Stratify size of journal entries
based on amount (using the debit side of the
transaction).
Summarize journal entries by general
ledger account to identify repetitive and unique
account sequences used in the journal entry (based
on the first five debit and credit account
postings).
Summarize general ledger activity on
the amount field (absolute value of debit or
credit) to identify the top occurring amounts.
Scatter-graph general ledger account
(debit and credit amounts separately) and numbers
of transactions.
When
Extract journal entries posted on
weekends and holidays.
Extract journal entries relating to
the prior year that were made just immediately
following a fiscal year-end.
Summarize journal entry credits and
debits processing by day, month and year.
Where
Extract journal entries made to
suspense accounts and summarize by the person
entering and corresponding account numbers.
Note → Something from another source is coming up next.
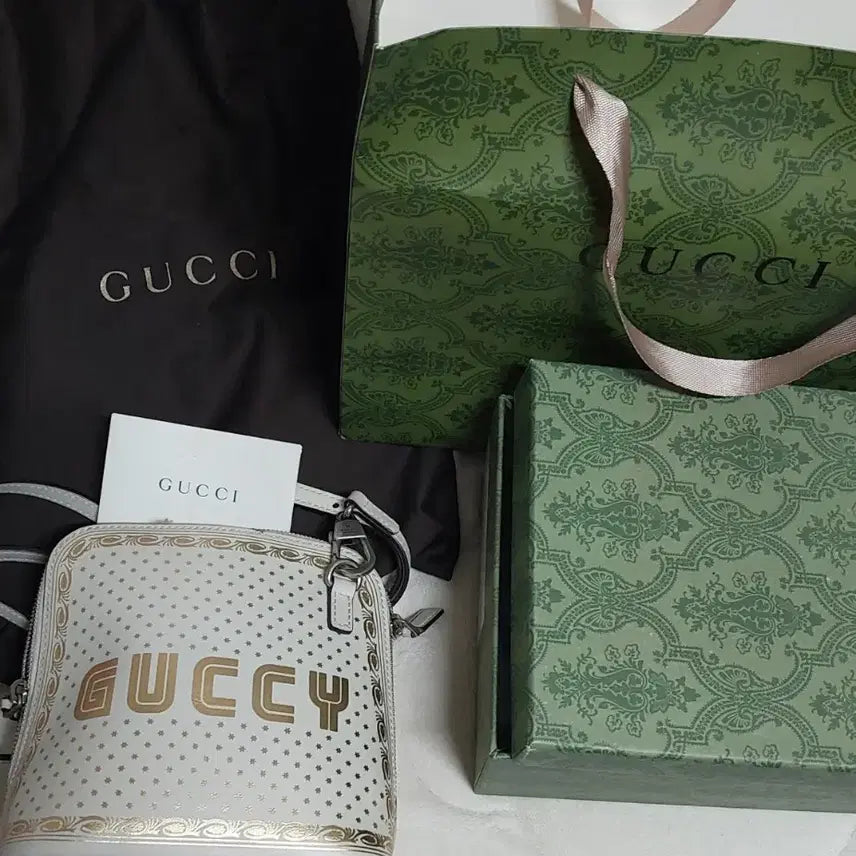 [BUNJANG] Gucci GUCCY White Mini Crossbody Bag / 구찌 GUCCY 화이트 미니크로스백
Extract journal entries to general
ledger accounts known to be problems or complex
based on past issues (errors of accounting in
journal subsequently corrected by accounting staff
or auditors) at the company or the industry in
general.
Extract debits in revenue and
summarize by general ledger account.
Why (Unusual Activity)
Extract general ledger transaction
amounts (debit or credit) that exceed the average
amounts for that general ledger account by a
specified percentage. (Five times the average is a
good starting point.)
Extract journal entries that equate
to round multiples of 10,000, 100,000 and
1,000,000.
Extract journal entries with key
texts such as “plug” and “net to zero” anywhere in
the record.
Extract journal entries that are made
below set accounting department approval limits,
especially multiple entries of amounts below such
limits.
Extract journal entries that don’t
net to zero (debits less credits).
USING EXCEL TO ANALYZE JOURNAL
ENTRIES
Although it is beyond the scope of this
article to provide detailed instructions for how
to accomplish all the above tests using specific
tools, the following are two examples using
Microsoft Excel.
Weekend entries. Auditors
can use Excel to analyze the time-stamp field or
to obtain a date field by using the WEEKDAY()
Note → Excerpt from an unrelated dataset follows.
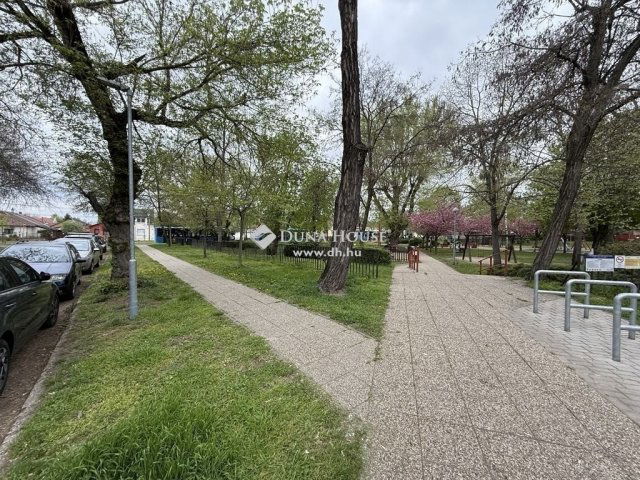 Eladó téglalakás, Budapesten, XIX. kerületben 56.35 M Ft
function. From the “Insert” drop-down menu, select
“Function,” and search for WEEKDAY within the
“Insert Function Window.” For instance,
WEEKDAY(A1) will convert date field cell A1 into
the day of the week, using 1 for Monday, 2 for
Tuesday, and so on. By selecting the top of the
column containing the WEEKDAY() functions, the
“Auto Filter” feature, located under the “Data”
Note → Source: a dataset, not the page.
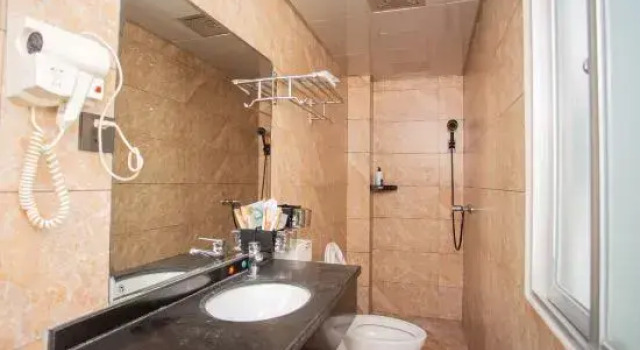 Suite Fuping Heping Hotel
menu item in Excel, can be used to filter all
WEEKDAY(Date_Field) values that are equal to the
program’s default values of 6 or 7 (see screenshot
below).
Round multiples. To
extract journal entries that equate to round
multiples of 10,000, 100,000 and 1,000,000, use
the Excel MOD() function, which provides the
remainder after the auditor divides a number by a
divisor. For example, say that $10,422 is in cell
A1 and the function MOD(A1,1000) is placed in cell
B1. The result in B1 would be $422, because this
would be the remainder of dividing $10,422 by
$1,000. Or, if cell A2 had $100,000 in it, then
MOD(A1,1000) would result in a zero value, which
would indicate a round number. Once the auditor
uses the MOD() function for every amount posted in
the journal entry, he or she can filter all zero
items using the “AutoFilter” feature. Notice: The
function would be written as MOD(A2,1000) for
round multiples of $1,000 (see screenshot below).
CONCLUSION
Like any tool, computer-assisted journal
entry testing has its limitations. It does not
replace a skilled auditor or fraud examiner. But
rather, computer tools allow the auditor or fraud
examiner to focus his or her energy on the
highest-risk journal entries culled from a full
set of entries rather than on a random sample. To
be effective, auditors and fraud examiners have to
invest time in learning how to use the tools. But
the efficiencies they will gain far outweigh the
time and expense of learning new tools that can
dramatically extend the users’ ability to opine on
the fairness of a set of financial statements.